### Action item
Write each line word for word, from the line that contains "So next program" through the last line of the material below.

☆ ☆ ☆ ☆ ☆

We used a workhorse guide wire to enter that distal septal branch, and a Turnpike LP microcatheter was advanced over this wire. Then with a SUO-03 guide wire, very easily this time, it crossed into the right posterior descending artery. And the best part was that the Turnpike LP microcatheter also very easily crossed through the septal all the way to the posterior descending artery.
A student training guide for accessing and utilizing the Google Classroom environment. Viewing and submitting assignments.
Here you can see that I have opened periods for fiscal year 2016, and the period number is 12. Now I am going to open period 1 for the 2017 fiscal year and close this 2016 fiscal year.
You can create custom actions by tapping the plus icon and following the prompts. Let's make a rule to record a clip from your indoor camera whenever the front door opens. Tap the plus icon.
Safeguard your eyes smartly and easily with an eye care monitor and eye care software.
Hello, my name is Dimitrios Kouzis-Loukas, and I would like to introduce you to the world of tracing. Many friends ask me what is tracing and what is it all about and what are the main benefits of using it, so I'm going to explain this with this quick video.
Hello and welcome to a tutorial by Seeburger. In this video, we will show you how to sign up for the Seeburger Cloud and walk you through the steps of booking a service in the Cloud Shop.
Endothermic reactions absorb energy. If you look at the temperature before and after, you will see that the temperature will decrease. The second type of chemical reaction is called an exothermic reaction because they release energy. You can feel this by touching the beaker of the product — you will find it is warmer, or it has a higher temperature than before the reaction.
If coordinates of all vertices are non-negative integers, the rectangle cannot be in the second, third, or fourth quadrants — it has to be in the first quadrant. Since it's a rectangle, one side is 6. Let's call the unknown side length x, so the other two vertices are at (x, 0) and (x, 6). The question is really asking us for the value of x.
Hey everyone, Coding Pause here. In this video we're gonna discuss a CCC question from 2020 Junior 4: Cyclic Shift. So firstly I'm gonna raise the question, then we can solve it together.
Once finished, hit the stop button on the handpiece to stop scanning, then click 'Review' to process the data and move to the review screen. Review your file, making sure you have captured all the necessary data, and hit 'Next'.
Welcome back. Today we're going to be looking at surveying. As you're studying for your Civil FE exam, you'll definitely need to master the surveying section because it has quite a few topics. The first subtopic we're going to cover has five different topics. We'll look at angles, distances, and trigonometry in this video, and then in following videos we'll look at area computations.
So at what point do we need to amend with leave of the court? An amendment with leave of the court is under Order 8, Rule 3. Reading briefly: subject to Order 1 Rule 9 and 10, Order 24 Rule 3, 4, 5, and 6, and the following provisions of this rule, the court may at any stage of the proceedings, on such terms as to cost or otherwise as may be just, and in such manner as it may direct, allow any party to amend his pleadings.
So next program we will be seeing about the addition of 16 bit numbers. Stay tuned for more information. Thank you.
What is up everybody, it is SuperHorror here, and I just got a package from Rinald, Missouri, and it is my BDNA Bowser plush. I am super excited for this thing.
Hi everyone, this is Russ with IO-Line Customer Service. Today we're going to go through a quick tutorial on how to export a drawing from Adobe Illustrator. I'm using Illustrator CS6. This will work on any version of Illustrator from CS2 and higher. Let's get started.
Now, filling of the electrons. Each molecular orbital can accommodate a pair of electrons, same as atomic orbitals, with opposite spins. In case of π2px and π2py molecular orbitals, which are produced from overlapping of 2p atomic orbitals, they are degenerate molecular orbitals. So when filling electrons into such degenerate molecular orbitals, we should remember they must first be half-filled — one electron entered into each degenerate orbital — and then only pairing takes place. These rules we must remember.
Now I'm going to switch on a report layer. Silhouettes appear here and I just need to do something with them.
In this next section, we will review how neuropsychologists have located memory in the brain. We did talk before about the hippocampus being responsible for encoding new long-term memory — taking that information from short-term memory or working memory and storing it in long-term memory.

☆ ☆ ☆ ☆ ☆

### Task output
So next program we will be seeing about the addition of 16 bit numbers. Stay tuned for more information. Thank you.
What is up everybody, it is SuperHorror here, and I just got a package from Rinald, Missouri, and it is my BDNA Bowser plush. I am super excited for this thing.
Hi everyone, this is Russ with IO-Line Customer Service. Today we're going to go through a quick tutorial on how to export a drawing from Adobe Illustrator. I'm using Illustrator CS6. This will work on any version of Illustrator from CS2 and higher. Let's get started.
Now, filling of the electrons. Each molecular orbital can accommodate a pair of electrons, same as atomic orbitals, with opposite spins. In case of π2px and π2py molecular orbitals, which are produced from overlapping of 2p atomic orbitals, they are degenerate molecular orbitals. So when filling electrons into such degenerate molecular orbitals, we should remember they must first be half-filled — one electron entered into each degenerate orbital — and then only pairing takes place. These rules we must remember.
Now I'm going to switch on a report layer. Silhouettes appear here and I just need to do something with them.
In this next section, we will review how neuropsychologists have located memory in the brain. We did talk before about the hippocampus being responsible for encoding new long-term memory — taking that information from short-term memory or working memory and storing it in long-term memory.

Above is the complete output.